- [Work request]: Transcribe the data verbatim and drop its images.

- [Source material]:
****************
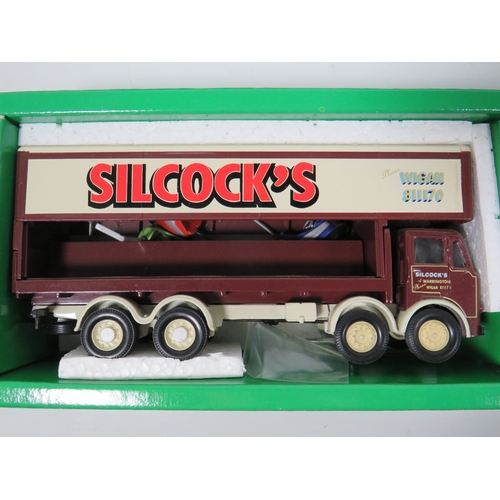 1011 - Two Corgi Classics Die Cast 1:50 Scale Showmans truck models of Leyland Dodgem Truck and Caravan set... 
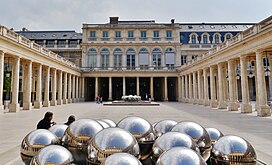 Galería de Orléans, con las fuentes de Pol Bury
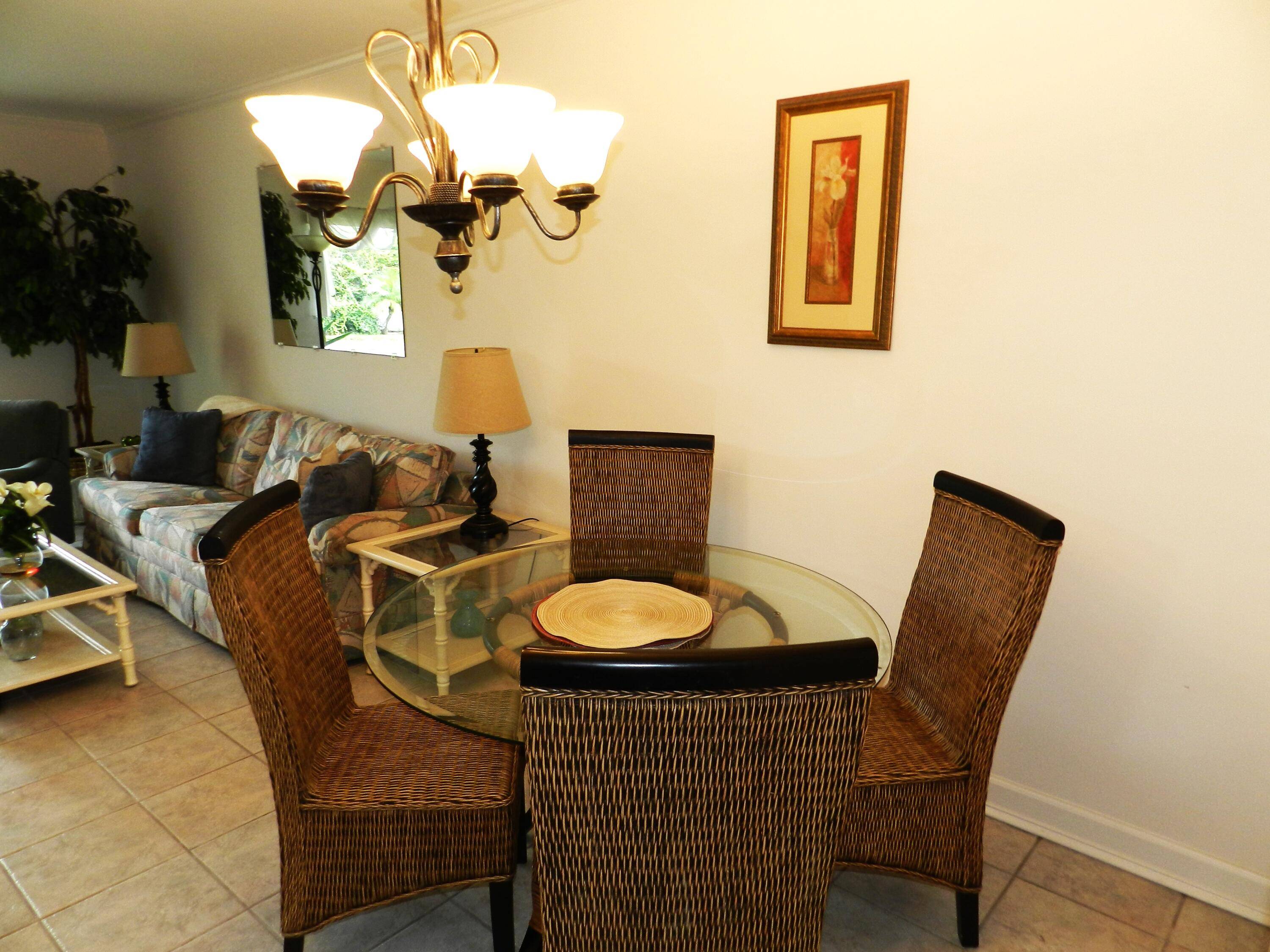 Boynton Beach, FL 33435,320 North BLVD 1c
****************
- [Final answer]:
 1011 - Two Corgi Classics Die Cast 1:50 Scale Showmans truck models of Leyland Dodgem Truck and Caravan set... 
 Galería de Orléans, con las fuentes de Pol Bury
 Boynton Beach, FL 33435,320 North BLVD 1c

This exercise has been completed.